> _Task description_: Copy out again, unchanged, the listing below from the line that has "STEKLENA BUNKA FI 8 CM ROZA DEKOR VEJICA 6/1" through the line that has "Aufkleber - Black".

> _Data section_:
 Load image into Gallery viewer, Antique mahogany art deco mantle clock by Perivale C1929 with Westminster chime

==

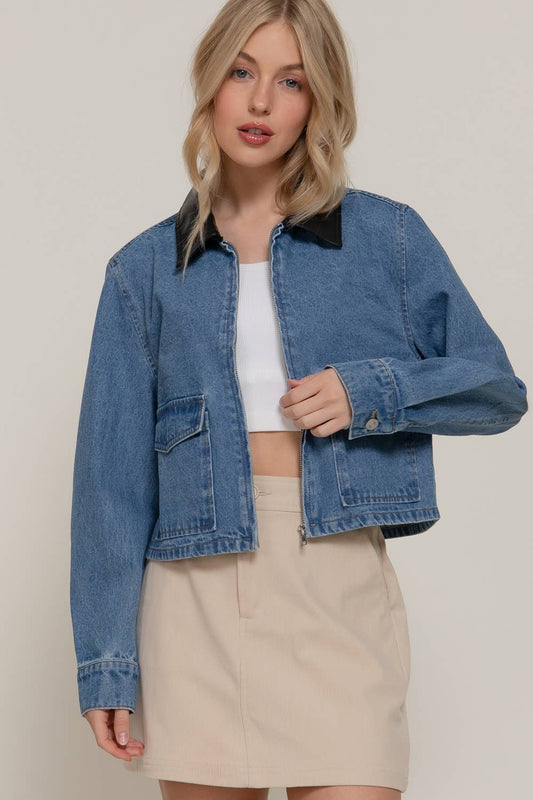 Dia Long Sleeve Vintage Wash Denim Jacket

---

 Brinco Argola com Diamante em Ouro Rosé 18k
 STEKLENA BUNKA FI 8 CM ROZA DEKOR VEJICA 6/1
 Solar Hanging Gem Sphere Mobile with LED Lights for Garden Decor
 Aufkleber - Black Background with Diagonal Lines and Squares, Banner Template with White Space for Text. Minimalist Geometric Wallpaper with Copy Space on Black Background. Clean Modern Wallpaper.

> _Problem solution_:
 STEKLENA BUNKA FI 8 CM ROZA DEKOR VEJICA 6/1
 Solar Hanging Gem Sphere Mobile with LED Lights for Garden Decor
 Aufkleber - Black Background with Diagonal Lines and Squares, Banner Template with White Space for Text. Minimalist Geometric Wallpaper with Copy Space on Black Background. Clean Modern Wallpaper.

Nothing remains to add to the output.